1- Batıdan bakan birçok kişin gözünde öyle sanılsa da ortada "Kürtler" diye homojen bir topluluk yok. Kobane'de seküler Kürtler ile Kürtler dahil birçok etnisiteden İslamcılar arasında savaş var ve bu savaş artık Türkiye sınırları içerisine de taşınmış durumda. Doğu illerinde Hizbullah - PKK sokakta savaşıyor.

2- Suriye'deki seküler Kürtler, İslamcı Işid ile olan mücadelelerinde Türkiye'nin olaylara karışmayarak "bırakın yesinler birbirlerini" demediğini, Türkiye'nin bizzat Işid'i yaratan unsurlardan biri olduğunu, güney-doğu-batı yönlerinden Işid kuşatması altındaki Kobane'nin Türkiye tarafından da kuzeyden kıstırıldığını, Işid militanları sınırdan rahatça Suriye'ye geçerken (İMC TV Işid militanlarının Suriye'ye geçişlerine ait olduğunu iddaa ettiği görüntüleri yayınladı ve Davutoğlu CNN'de "ABD de Meksika sınırını tutamıyor" dedi) Kürtlerin Kobane'ye kuzeyden geçişinin Türkiye tarafından bloklandığını söylüyor (Kobane'den Türkiye'ye sivillerin geçişine ise izin veriliyor).

Sosyal Medyada sıkça paylaşılan Kobane kuşatma haritası

3- Kobane'deki Kürtlerin "TSK gelsin bizi kurtarsın" gibi bir talebi benim bildiğim yok, kuzeydeki kıstırma kaldırılsın ve koridor açılsın istiyorlar. "Tezkereye destek verseydiniz o zaman", "TSK ile savaştınız şimdi TSK sizi kurtarsın istiyorsunuz" ve "Eylem yapacağınıza yiyorsa Kobane'ye gidin" çıkışlarının bence altı çok dolu değil.

4- İran, Irak ve Türkiye, Kürtler ile sürekli problem yaşarken rejim ile en az sürtüşen Suriye Kürtleridir. AKP, Suriye'de Esad rejimini devirmede şu ana kadar başarılı olamadı. Suriye Kürtleri tüm bu yaşananların kendilerini Esad'a karşı Özgür Suriye Ordusu'na destek vermeye zorlamak isteyen Davutoğlu'nun kurgusu olduğunu düşünüyor ve yaşananlardan Türkiye'yi birinci derecede sorumlu tutuyor. Akla gelen ikinci alternatif ise Suriye'de silahlı Kürt gücünü kırmak, bölgede ABD önderliğinde kurulan koalisyona kara gücü olarak TSK ve ÖSO'yu alternatifsiz bırakmak ve kara operasyonuna ön koşul olarak Esad'ın devrilmesini masaya koyabilmek (Bilmeyenler için Davutoğlu'nun derin stratejik planı = Doğu Akdeniz'de Türkiye önderliğinde İhvan Hilali; Türkiye/AKP, Mısır/Müslüman Kardeşler,  Suriye/ÖSO).

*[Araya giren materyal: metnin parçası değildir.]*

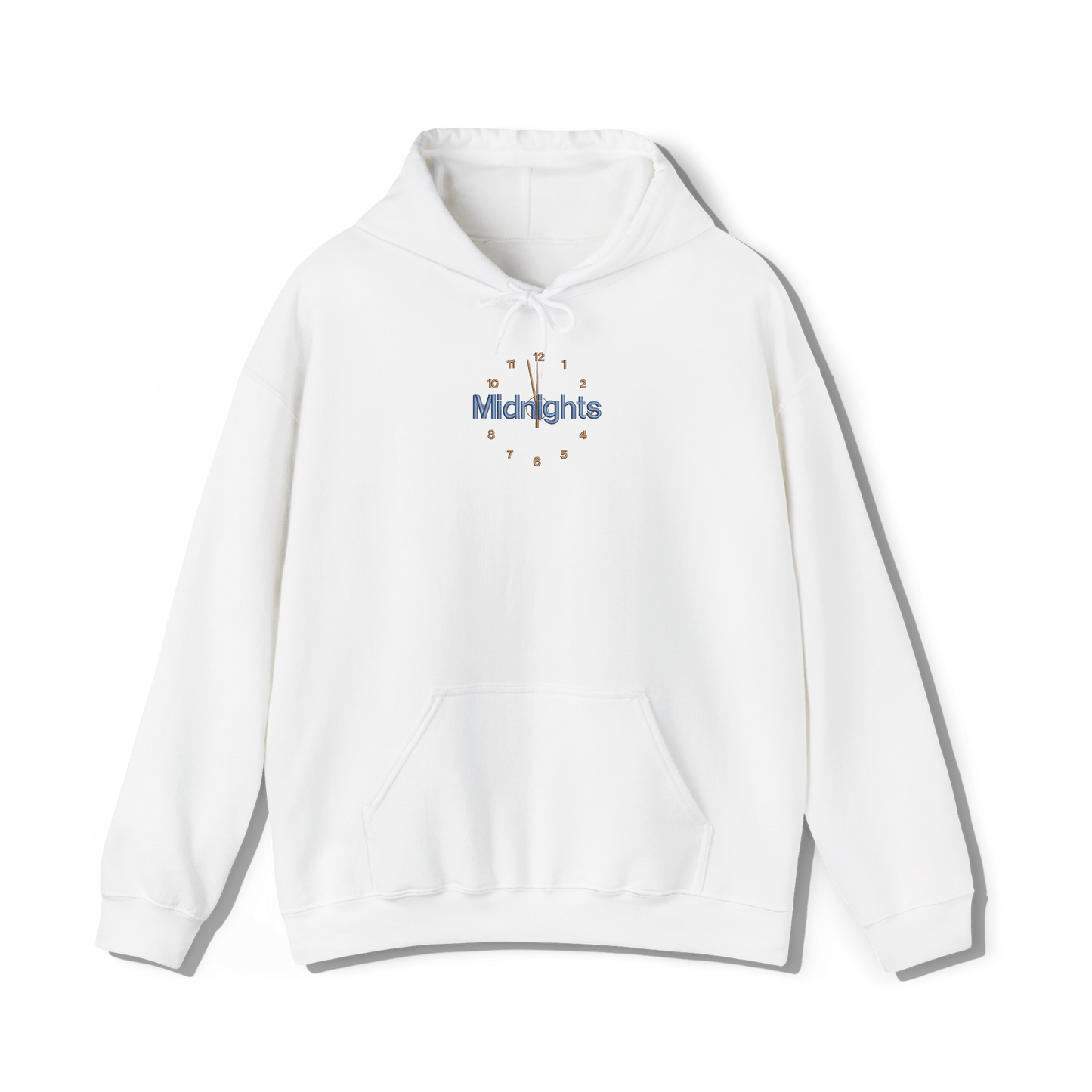 taylor swifts minights album title embroidered in the font and colour present on the album cover on a white coloured hoodie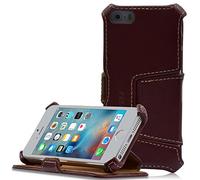 iPhone SE MANNA Funda ultradelgada de piel | Función EasyStand | Piel sintética con costuras en blanco | Color burdeos | by Leicke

Başbakan Ahmet Davutoğlu, CNN International'dan Christiane Amanpour'un sorularını yanıtladı.

5- Mevcut durum provokasyona çok açık, hassasiyetler üzerine oynamaya çok müsait. Kürtler arasında Türklerin milli değerlerinden nefret edenler elbette var ama Demirtaş'ın Atatürk büstüne ve bayrağımıza yapılan saldırıları kınadığını, boş çıkan Kabataş'ta başörtülü bacıma saldırdılar ve camide içki içtiler iddaalarını, polise molotof atan bir şahsın MİT'çi çıkmasını da aklınızın bir köşesinde bulundurun. Bu coğrafyada herşey her zaman göründüğü gibi olmayabiliyor.

6- Kürtler ile savaşıyor diye Işid'e sempati duyulmaz. Yıllarca siyasal İslam ile didişen ulusalcı kanadın Kürtler'i öldürüyor ne de olsa diyerek bana dokunmayan yılan bin yıl yaşasıncılık yapması bayaa absürd. Radikal İslamcı, Kürt-Türk ayırmaz; yarın Işid bombalarının Taksim'de patlamayacağının garantisi yok.

Bu satırları etrafı yakıp yıkanları hoş göstermek ya da haklı çıkarmak için yazmadım. Sakin ve sağduyulu bir şekilde olayları analiz etmektir önemli olan. Bu sebeple kulaklarımızı dış seslere tıkamamalı ve mümkün mertebe penguen medyasına alternatif kayaklardan da bilgi edinmeye çalışmalıyız. Son olarak da filler tepişir ve çimenler ezilir diyerek yazımı noktalıyorum. Allah sonumuzu hayır etsin.